Second, you've got the issue of who's going to write the papers. Most academics wouldn't touch this with a fifty-foot pole. The rest of us either have decent jobs, hate schoolwork, don't remember enough on a subject to write a decent paper, or never went to college in the first place. This limits the number of people likely to write papers; they're probably not overly concerned with the reputation of the site selling their papers, and far more concerned about getting paid.

Other reasons why this sort of thing isn't done more often: curriculums change. Very likely the assignments you have tucked away in the attic aren't valid anymore. Why? In addition to advances in current thinking (your 1960s economics paper is probably going to be seen as rubbish now), lots of profs change course materials on a fairly regular basis to prevent their students from copying work from last year. After all, why bother buying a paper from the internet when the guy down the hall, who took the class last year, already has a paper written up and ready to go?
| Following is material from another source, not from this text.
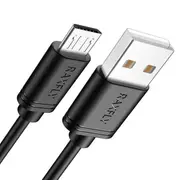 2PCS 2.4A Micro USB Fast Charging Data Cable 1M For Xiaomi Redmi Note 5 6 S7 Camera MP4 BLACK COLOR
This sort of thing has been around long before the internet, and professors aren't stupid. This is why a lot of sites that sell papers advertise a custom-writing service, and did so even before universities figured out the internet could be used for plagiarism.
posted by chrominance at 10:50 PM on December 21, 2005


Can someone suggest one of these third-party verification websites? I'd be interested in either the kind where students directly upload their work OR where the professor can verify against a certain number of papers from these online sources.
posted by fionab at 11:22 PM on December 21, 2005


turnitin.com
posted by Firas at 11:35 PM on December 21, 2005


Fantastic thread. Information wants to be cheap.
posted by Wolof at 3:32 AM on December 22, 2005


this is extremely depressing to me. And the "sellers aren't at fault, only buyers" thing is total bullshit. Yes, intellectual property can be sold under certain conditions, i.e., ghost writing, etc. But selling to students is not one of those conditions. This is analogical to a doctor selling pain killers or uppers for recreational use. It makes you a total shmuck.
posted by mdn at 8:17 AM on December 22, 2005


Yeah, please don't do this.
posted by epugachev at 12:20 PM on December 22, 2005


I flunk students all the time for using these services. Very easy to catch.
posted by LarryC at 9:15 PM on December 22, 2005


"I flunk students all the time for using these services. Very easy to catch."

Ditto. In most classes, it's pretty easy to spot plagiarized work: A student submits remedial-level or mediocre work, but then the formal papers are much better. I hit turnitin or just google, and discover the paper the student submitted isn't really theirs.

This isn't really a question of legality, as several others have mentioned. Our president (and many before him) give speeches all the time that are written by someone else (his speechwriters); no one calls him out on it since that's become the norm. (Unfortunately.) Look at it from this perspective: as a student, you're contracting with a school for two things: (a) to teach you, and (b) to validate that teaching (to employers, to grad schools, etc.). If you turn in work that's not your own, but claim it's your own, you're short-circuiting the second aspect.

Most schools (high schools and universities) have formal plagiarism policies that make plagiarism (basically) a breach of contract, punishable in ways ranging from a zero on the assignment to expulsion (depending on the importance of the assignment plagiarized and the student's previous offenses).